---------- Provided data

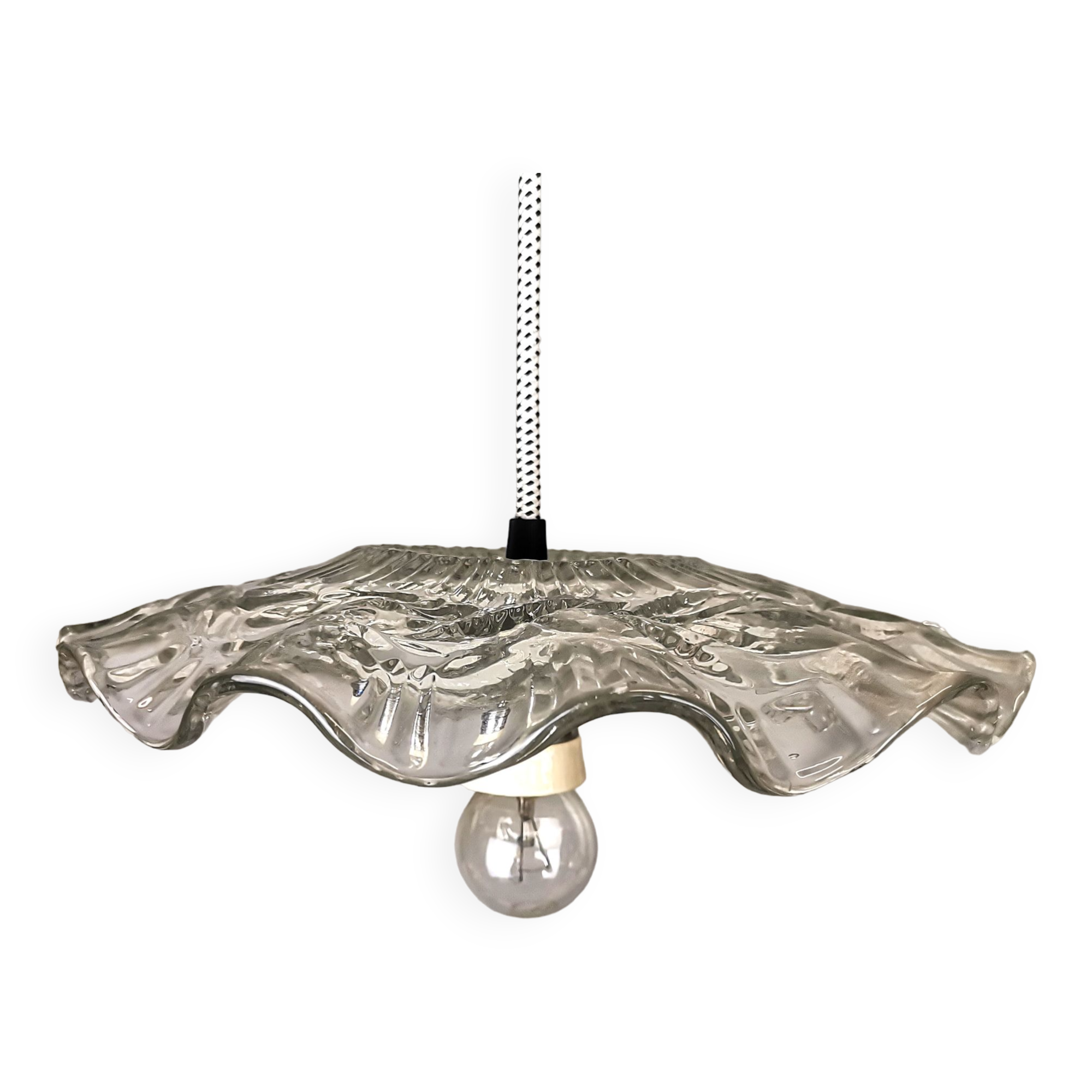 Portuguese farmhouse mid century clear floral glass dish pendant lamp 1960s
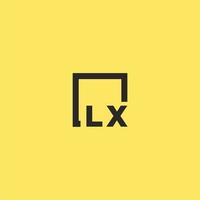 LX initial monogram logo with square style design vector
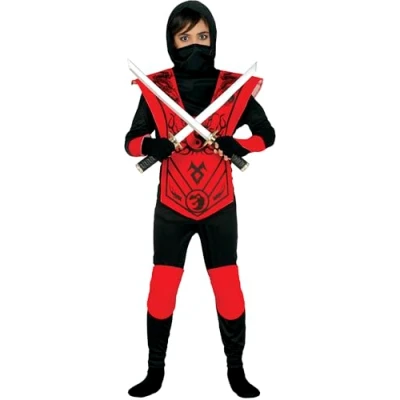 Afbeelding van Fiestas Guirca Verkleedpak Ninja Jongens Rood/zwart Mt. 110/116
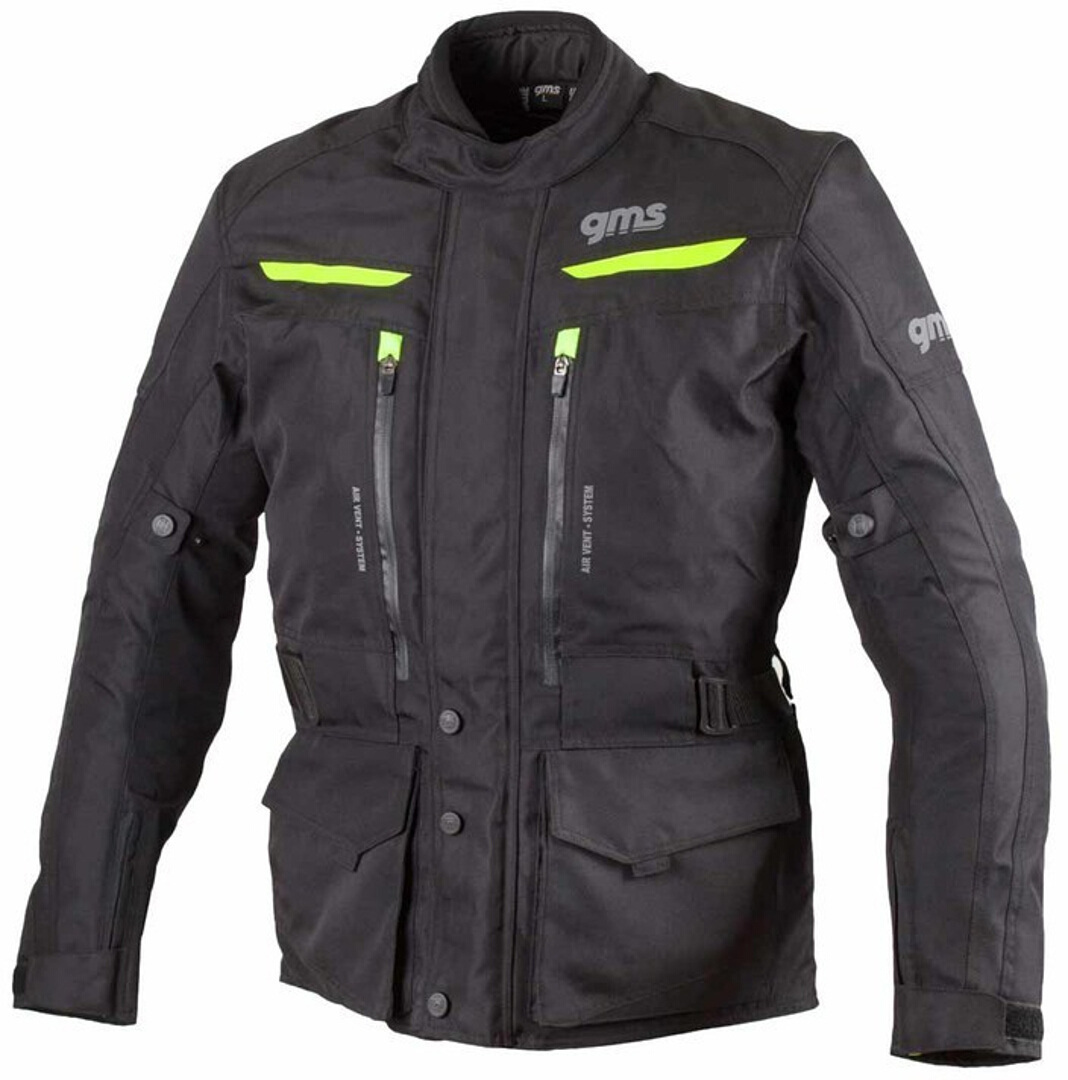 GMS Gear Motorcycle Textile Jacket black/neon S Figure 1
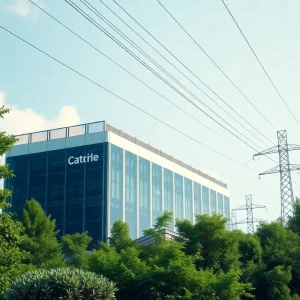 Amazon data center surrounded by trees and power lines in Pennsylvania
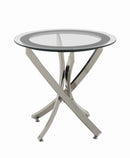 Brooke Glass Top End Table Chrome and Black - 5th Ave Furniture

--------------------
---------- Provided data

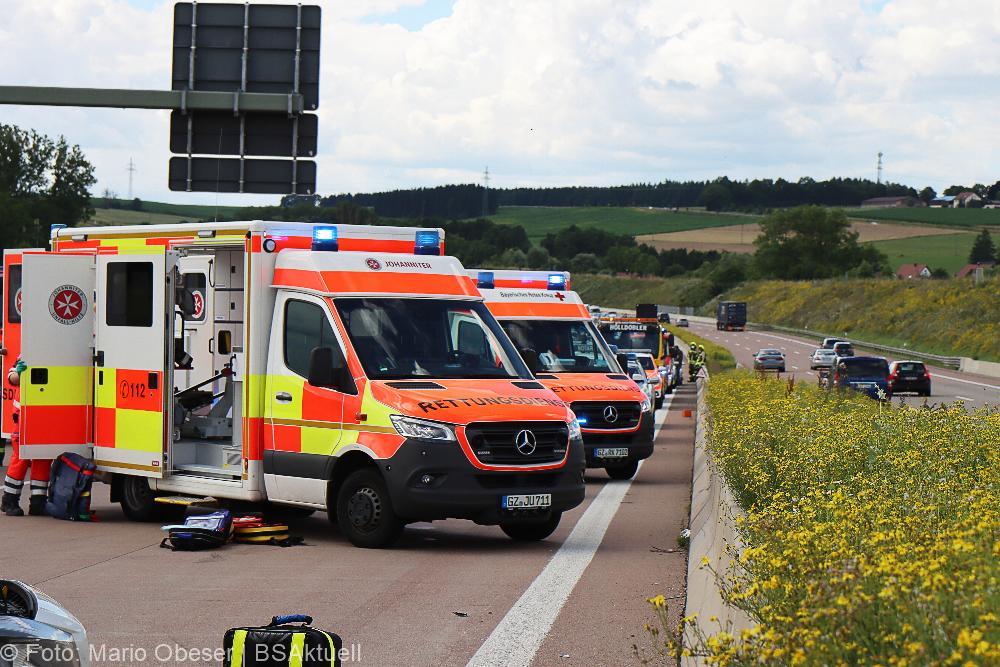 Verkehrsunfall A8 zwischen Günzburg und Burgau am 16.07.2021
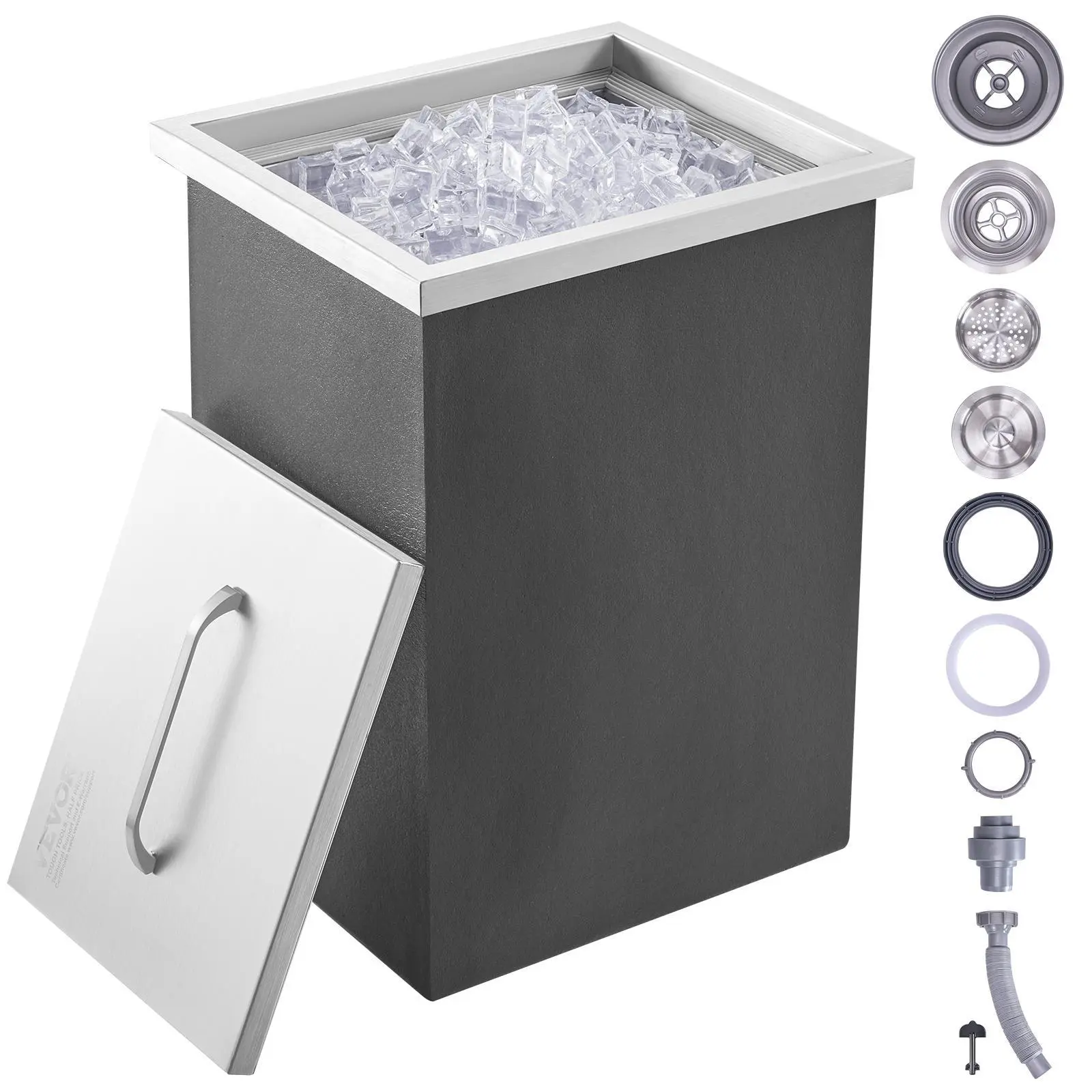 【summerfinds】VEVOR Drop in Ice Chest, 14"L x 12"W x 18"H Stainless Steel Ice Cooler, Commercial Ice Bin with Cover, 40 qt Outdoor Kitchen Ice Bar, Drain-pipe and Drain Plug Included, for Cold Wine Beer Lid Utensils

--------------------

Working from the entries above, reproduce exactly and only the lines beginning with the line that has "Portuguese farmhouse mid" and ending with the line that has "GMS Gear Motorcycle"; omit all pictures.

Task response:
 Portuguese farmhouse mid century clear floral glass dish pendant lamp 1960s
 LX initial monogram logo with square style design vector
 Afbeelding van Fiestas Guirca Verkleedpak Ninja Jongens Rood/zwart Mt. 110/116
 GMS Gear Motorcycle Textile Jacket black/neon S Figure 1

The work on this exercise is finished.